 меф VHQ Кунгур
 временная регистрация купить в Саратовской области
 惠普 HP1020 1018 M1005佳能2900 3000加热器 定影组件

##########

### [TASK PROMPT]
Please repeat each line above exactly.

### [RESULT OF THE EXERCISE]
 меф VHQ Кунгур
 временная регистрация купить в Саратовской области
 惠普 HP1020 1018 M1005佳能2900 3000加热器 定影组件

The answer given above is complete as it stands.